Landslides and flash flood are recurrent phenomena in Bhutan causing severe annual damages during the monsoon. The most recent record of flash floods can be traced back to the heavy rains of 2000mm in the areas of Phuntsholing and Pasakha in 2000 where more than 200 people lost their properties. The 2004 flashfloods affected six eastern Dzongkhags where 9 lives were lost, 29 houses were completely washed away, 26 houses were completely collapsed, 107 houses were partially damaged, destroyed 664 acres of wet and dry land, hundreds of tons of maize, paddy and potatoes were lost, washed away 2000 orange trees. In total 1437 households were affected. The May 2009 “ cyclone AIia” completely washed away the Gasa hot springs and destroyed many agricultural land downstream.
Due to the country’s steep terrain, narrow river gorges, unstable physical structure and increasing incidences of landslides have led to the formation of artificial lakes and dams on the rivers. One good example is the formation of an artificial dam due to the rock slide on the Tsatichhu a tributary of Kurichu in September 2003. It posed serious threat to the Kurichu Hydro Power Project by forming an estimated volume of 33 million m3 within 0.3 km3 of the size of the dam body. Such hazards will continue to prevail in Bhutan placing many of our hydro power plants, farmlands, human settlements, social infrastructure and numerous properties of cultural, social, and historical significance that are located in the river valleys.

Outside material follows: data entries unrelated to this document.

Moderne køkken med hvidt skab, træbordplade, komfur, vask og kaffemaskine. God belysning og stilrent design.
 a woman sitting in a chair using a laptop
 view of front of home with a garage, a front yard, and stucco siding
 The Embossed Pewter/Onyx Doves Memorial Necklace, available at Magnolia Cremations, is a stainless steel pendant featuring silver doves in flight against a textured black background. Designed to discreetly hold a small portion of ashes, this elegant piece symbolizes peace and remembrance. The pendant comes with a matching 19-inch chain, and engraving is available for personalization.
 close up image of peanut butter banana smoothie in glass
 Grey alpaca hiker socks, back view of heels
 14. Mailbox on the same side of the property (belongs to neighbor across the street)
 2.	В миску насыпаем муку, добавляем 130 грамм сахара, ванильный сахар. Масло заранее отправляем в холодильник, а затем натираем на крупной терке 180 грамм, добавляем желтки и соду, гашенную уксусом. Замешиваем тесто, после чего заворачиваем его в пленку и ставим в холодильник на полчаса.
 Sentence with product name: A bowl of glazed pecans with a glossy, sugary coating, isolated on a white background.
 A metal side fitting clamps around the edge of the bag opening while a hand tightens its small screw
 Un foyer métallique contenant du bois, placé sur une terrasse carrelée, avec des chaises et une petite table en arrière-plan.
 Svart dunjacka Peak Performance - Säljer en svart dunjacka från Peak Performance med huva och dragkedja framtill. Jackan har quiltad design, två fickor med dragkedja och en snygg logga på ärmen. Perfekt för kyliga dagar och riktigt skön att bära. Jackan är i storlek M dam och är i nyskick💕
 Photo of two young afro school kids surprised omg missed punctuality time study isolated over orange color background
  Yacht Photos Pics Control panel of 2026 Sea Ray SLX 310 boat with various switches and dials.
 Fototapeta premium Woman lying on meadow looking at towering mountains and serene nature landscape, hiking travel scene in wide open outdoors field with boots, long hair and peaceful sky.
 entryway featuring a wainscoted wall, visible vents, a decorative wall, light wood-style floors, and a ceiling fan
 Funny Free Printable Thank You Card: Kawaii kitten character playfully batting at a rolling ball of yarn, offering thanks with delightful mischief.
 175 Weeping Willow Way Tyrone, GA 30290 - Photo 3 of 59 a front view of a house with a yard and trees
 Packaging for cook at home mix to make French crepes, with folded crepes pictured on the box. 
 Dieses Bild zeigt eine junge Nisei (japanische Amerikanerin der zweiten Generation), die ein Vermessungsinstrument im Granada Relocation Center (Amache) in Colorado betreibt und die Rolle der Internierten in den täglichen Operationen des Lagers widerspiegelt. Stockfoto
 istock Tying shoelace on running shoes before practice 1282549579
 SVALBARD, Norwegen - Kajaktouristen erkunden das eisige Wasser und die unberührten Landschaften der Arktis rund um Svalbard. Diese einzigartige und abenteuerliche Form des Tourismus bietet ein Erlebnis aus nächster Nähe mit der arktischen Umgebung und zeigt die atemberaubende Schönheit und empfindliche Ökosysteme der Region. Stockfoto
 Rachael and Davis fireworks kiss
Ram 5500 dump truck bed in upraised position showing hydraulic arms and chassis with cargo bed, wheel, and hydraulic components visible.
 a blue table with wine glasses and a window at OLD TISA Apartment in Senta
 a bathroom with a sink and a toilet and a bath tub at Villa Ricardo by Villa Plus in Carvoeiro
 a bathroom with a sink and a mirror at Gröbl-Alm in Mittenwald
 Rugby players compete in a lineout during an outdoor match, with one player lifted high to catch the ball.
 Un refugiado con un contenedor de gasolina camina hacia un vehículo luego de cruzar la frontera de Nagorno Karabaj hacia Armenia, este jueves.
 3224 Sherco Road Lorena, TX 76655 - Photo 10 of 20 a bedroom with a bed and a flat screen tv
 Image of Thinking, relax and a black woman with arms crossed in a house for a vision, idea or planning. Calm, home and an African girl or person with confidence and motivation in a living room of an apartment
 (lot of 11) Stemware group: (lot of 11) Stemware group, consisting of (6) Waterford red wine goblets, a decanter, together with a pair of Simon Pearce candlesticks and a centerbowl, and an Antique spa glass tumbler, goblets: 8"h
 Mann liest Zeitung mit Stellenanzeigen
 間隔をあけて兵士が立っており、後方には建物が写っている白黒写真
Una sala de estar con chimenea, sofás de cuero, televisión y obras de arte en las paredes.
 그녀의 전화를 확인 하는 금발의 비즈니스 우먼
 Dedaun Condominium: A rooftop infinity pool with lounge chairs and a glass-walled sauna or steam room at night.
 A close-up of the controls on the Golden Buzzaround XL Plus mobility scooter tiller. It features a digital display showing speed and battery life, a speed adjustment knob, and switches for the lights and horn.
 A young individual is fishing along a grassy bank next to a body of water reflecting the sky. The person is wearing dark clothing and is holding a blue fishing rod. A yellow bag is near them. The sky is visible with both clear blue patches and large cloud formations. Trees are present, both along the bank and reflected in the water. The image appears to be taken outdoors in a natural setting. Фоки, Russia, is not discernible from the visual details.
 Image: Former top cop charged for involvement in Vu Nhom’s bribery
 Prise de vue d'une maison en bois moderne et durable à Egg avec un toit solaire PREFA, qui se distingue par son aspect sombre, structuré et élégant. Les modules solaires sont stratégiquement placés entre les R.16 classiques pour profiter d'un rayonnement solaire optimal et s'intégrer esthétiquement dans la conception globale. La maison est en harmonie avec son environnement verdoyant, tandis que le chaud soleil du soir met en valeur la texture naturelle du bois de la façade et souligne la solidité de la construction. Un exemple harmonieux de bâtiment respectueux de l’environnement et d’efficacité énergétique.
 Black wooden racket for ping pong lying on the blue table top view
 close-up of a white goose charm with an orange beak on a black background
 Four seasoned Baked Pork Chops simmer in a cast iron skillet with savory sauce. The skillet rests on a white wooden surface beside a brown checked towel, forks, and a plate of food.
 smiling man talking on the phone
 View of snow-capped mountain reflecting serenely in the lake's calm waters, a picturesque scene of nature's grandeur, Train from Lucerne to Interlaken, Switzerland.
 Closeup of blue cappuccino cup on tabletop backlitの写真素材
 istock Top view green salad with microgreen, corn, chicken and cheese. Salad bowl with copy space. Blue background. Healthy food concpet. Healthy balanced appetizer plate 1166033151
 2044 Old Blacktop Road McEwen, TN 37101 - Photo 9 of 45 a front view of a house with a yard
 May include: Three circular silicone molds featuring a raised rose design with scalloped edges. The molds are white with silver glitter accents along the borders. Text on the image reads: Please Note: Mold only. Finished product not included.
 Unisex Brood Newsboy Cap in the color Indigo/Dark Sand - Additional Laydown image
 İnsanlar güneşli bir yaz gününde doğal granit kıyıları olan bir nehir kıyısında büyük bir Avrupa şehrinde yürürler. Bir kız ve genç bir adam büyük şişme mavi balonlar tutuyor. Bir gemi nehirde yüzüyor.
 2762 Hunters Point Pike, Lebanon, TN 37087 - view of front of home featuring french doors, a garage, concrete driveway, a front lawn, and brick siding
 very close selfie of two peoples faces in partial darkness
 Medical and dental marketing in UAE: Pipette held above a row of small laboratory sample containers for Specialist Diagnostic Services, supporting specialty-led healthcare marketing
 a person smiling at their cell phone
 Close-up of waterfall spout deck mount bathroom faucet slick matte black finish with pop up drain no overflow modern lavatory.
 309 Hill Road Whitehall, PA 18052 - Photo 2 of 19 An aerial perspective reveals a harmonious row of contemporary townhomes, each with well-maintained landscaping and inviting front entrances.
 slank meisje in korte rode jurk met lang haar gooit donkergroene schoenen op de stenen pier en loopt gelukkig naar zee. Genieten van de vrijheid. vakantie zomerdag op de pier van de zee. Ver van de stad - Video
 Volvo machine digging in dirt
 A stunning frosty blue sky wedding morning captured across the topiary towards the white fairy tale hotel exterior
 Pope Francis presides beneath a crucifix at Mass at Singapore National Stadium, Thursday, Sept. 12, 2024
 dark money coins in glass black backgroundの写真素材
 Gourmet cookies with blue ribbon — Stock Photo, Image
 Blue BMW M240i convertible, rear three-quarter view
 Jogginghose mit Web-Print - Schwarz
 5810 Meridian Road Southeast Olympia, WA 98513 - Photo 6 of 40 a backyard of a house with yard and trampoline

In the last decade there had been severe forest fire outbreaks. Every year thousands and thousands of hectares of forest were burnt down which have not only a huge impact on the environment and the livelihoods of the communities but remain a persistent threat to the houses, infrastructure, human life, wild life and the domestic animals. 25 houses burnt in Yangthang village in Haa ( 2002),5 houses burnt down in Zhapong, Trashiyangtse( Dec 2005),7 shops burnt down in Chamkhar, Bumthang ( Nov, 2005), the massive fire that broke out from the Dangme-Gamrichu confluence in Bartsham causing immense damage to properties in March 2006, 21 shops/houses burnt down in Wamrong in December 2009, 64 shops/houses burnt down in Chamkhar in October 2010 and another 28 shops/houses burnt down in Chamkhar town in Bumthang are grim reminders of human negligence and carelessness. Heavy use of wood in traditional buildings, dzongs, monasteries and other structures of historical significance make them vulnerable to fire.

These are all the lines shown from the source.